Romero and a new city council took over last June after embattled former Mayor Ed Balico resigned.

Chiang's audit found during the old administration, the city had almost no accounting of how it spent more than $2 million in state and federal grants.

They include $100,000 for public safety, $146,000 for federal watershed, $469,000 for an intermodal transit center, $577,000 for San Pablo Avenue repaving and $720,000 in state money for housing.

"$2 million unaccounted for and there may be more because we're just talking about one segment. They have no idea what could be out there," said Kris Hunt from the Contra Costa Taxpayers Association.

Nelson Ovila was city manager at the time. He has since resigned and is now being sued by the city and investigated by the FBI.

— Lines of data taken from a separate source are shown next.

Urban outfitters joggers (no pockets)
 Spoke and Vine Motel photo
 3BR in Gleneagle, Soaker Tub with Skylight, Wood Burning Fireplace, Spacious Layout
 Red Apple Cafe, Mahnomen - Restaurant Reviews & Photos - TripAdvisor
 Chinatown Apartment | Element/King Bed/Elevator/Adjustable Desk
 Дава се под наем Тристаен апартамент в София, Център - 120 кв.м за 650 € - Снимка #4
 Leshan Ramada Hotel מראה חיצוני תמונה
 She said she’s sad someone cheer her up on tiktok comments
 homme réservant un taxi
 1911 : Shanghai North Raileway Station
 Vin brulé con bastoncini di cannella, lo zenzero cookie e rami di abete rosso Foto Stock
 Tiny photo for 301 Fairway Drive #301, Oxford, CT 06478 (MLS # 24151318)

"I took on the job knowing this was part of the mess we were going to have to clean up," said Steve Duran, who took over as Hercules city manager last October. "When I asked the few employees that have been here a long time when it started, they say it was even before the former city manager that things kind of started going in the direction of fast and loose."

The state audit does criticize Duran and his current staff for failing to supply most of the records requested. The controller made 32 requests for 107 total documents. The city turned over just 15.

"Not too many people who are here now were here then and so just finding the files is a challenge," said Duran.

The audit went on to say the state may ask Hercules to return that $2 million that's unaccounted for. The city manager said they can try, but the city has no money to return. In fact, they cut their budget by half in just the past two years from $23 million 2 years ago and they're expecting another $2 million deficit for the coming fiscal year.